这是什么情况啊?
他们看不懂,但是不代表崔玉楼不懂,他清楚王修这是在拿捏自己。
能够横扫交州之人,岂是连这点东西都看不穿的,这分明就是故意不懂而已。
王修不收,崔玉楼却是急了。
一咬牙,他直接是跪了下来,郑重道:“大都督,这些礼物您一定要收下来,这事关我们崔家的声誉。如果您不收的话,我回去一定会被打死的。”
卧槽!
众人直接是懵逼了,居然跪着求人收下礼物,这也是没谁了。
王修也是一脸动容,叹息道:“竟如此严重,既然关乎崔家声誉,那我就收下了,不然我的罪过可就严重!”
哎,真是太难了,不收礼都不行,不然会连累崔家名声受损的。
卧槽!
听到这句话,就连小酒都忍不住是哭笑不得,如果自己是崔玉楼的话,估计要被气死了。
送礼就算了,还被逼着跪着求收下,这实在是太卑微了。
呼呼!!
看到王修收下礼物,崔玉楼和袁方却是长长松了口气,总算是逃过了一劫。
如果今天王修不收的话,这次恐怕麻烦就大了。
尤其是袁方,一开始他还不以为意,但是在崔玉楼将一些王修的事迹告诉他之后,他直接是不淡定了。再加上在长安看到的事情,他差点没吓死。
连侯君集和王家都顶不住,袁家恐怕更顶不住了。
现在王修收下礼物,自己两人简直就是死里逃生啊。
不过这不是他的目的,这次他可是前来寻找出路的,而不是过来得罪人的。
心一横,他走了出来,郑重道:“大都督,其实这次我除了前来表示歉意之外,还有就是前来给您报信的。”
“报信?”
王修愣了一下,好奇道:“你倒是说说,你要报什么信啊?”
这家伙就是一个三流世家而已,居然还说什么报信,倒是有点意思啊,似乎没有什么是自己不知道的吧。
“大都督,我们得到消息,因为上次大都督在长安拿出了剑南烧春,所以大量商人世家都盯上了益州,准备瓜分这个巨大的利益来着。”袁方沉声道。
“盯上了益州?”
王修愣了一下,随即是反应了过来。
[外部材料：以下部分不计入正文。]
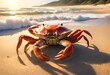 A crab scuttling across the golden sands of a tranquil beach, its shell gleaming in the sunlight as waves gently kiss the shore.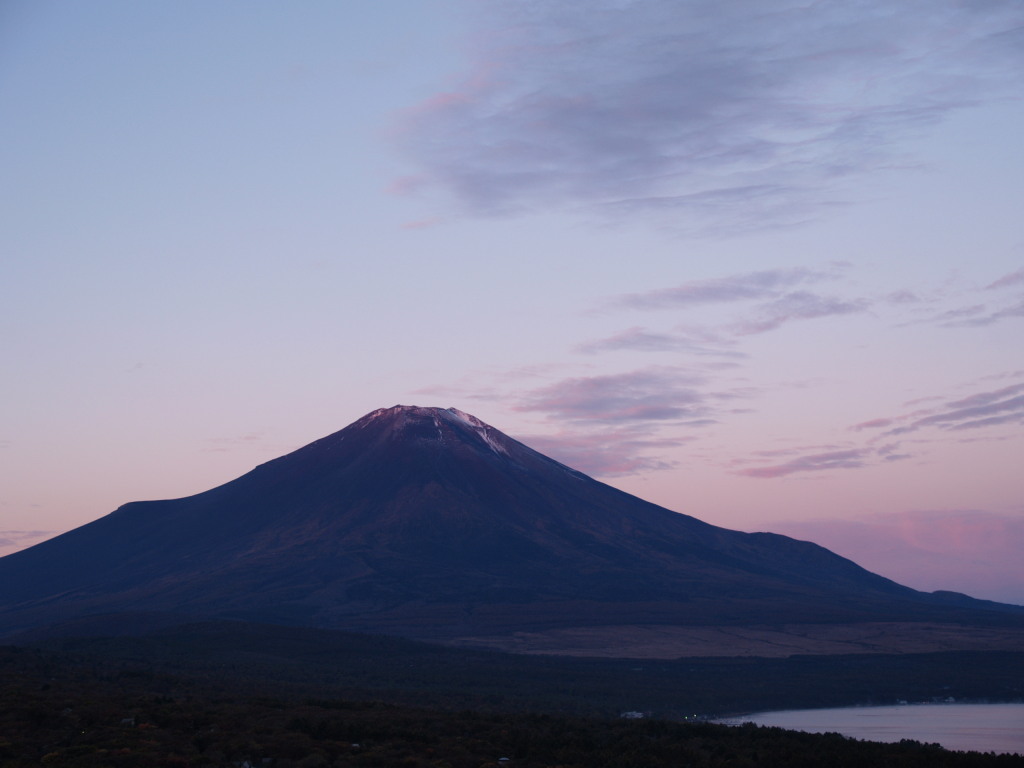 10/29 ���Ă��ƕx�m�R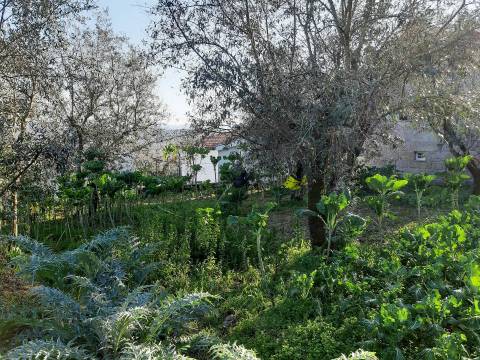 Moradia V2 para Restaurar, Aldeia da Mata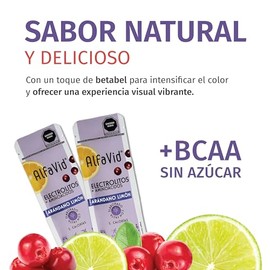 Polvo de Electrolitos y Aminocidos Sin Azcar  Sobres con BCAAs y L-Glutamina  Hidratacin Diaria y Recuperacin Fsica  Frmula con Minerales Esenciales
自己给剑南春取名剑南烧春,这些人必然以为剑南道有什么特殊的东西,所以才会酿出如此美酒。
正因为如此,这些人才会疯了一般进入益州。
因为剑南烧春实在是太珍贵了,如今在长安城中剑南烧春可谓是比黄金还要珍贵,更是地位的象征,被炒到了一个天价。
如此一来,利益趋势之下,也由不得这些人不动心了。
这些人恐怕以为这美酒就要在益州,也就是剑南道才能够酿出,
简直就是天真!
王修摇了摇头,这酿酒不但是因为水的原因,还需要有酒曲才行。
没有关键部分的酒曲,就算是你拥有再好的水和粮食,那也是别想要弄出好酒呢。
这些人这般盲目进入益州,恐怕是要空手而归了,毕竟这酒曲可不是凭空而来的。
这东西的制作过程,都是严格保密的,而且剑南烧春可不只是酒曲问题,还有一些其他问题存在,才使得这一绝世名酒的诞生。
这些人就算是有点水平,想要一下子弄出来,那也是绝无可能的。
正因为如此,他根本不担心这个问题,反而是对于袁方这小子有些好奇,这家伙将这件事情透露给自己,这是为了什么呢?
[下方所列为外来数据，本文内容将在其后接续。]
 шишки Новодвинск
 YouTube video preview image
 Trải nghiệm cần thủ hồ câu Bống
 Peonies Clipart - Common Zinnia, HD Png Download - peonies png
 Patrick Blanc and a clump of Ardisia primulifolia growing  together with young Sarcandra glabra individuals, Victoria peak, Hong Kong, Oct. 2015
这么做无疑会得罪那些世家和豪商,但是他偏偏说了出来,这可不是一个聪明人该做的事情。
王修看向了袁方,笑道:“你将这件事情告诉我,难道不怕得罪那些人?”
某些层面上来讲,那些世家豪商可比自己这个大都督要可怕多了,真要是得罪太狠,那些人可是什么事情都做得出来的。
袁方看了一眼周围,没有立即回答,而是先将几个下人赶了出去,才回过了头来。
他郑重道:“在袁方看来,大都督比那些世家可要厉害多了,至少那些人对国公无能为力!”
王修眼中精光一闪,这家伙倒是有点意思,居然猜出了侯君集的死是自己动的手。
他的目光扫过了一边的崔玉楼,这家伙一脸懵逼,显然是不知道这个情况的,看来是这个袁方看出来的。
“有点意思!”
王修对于这个袁方,一开始的印象可不咋地。不但是因为这家伙说自己的坏话,更重要的是他无法管住自己的嘴,这无疑是很致命的。
就犹如上次他得罪自己,如果不是自己当时心情好的话,他已经是死了。
又犹如这次,他将自己灭了侯君集的事情又说了出来,这无疑就是在作死。
这家伙唯一的优点,恐怕就是还有点眼力劲了。
这小子不是一个聪明人,而是一个自作聪明的人,但是未尝不能一用。
“你想说什么,我可是一句话都听不懂呢?”王修一脸意味深长地看了袁方一眼,笑着说道。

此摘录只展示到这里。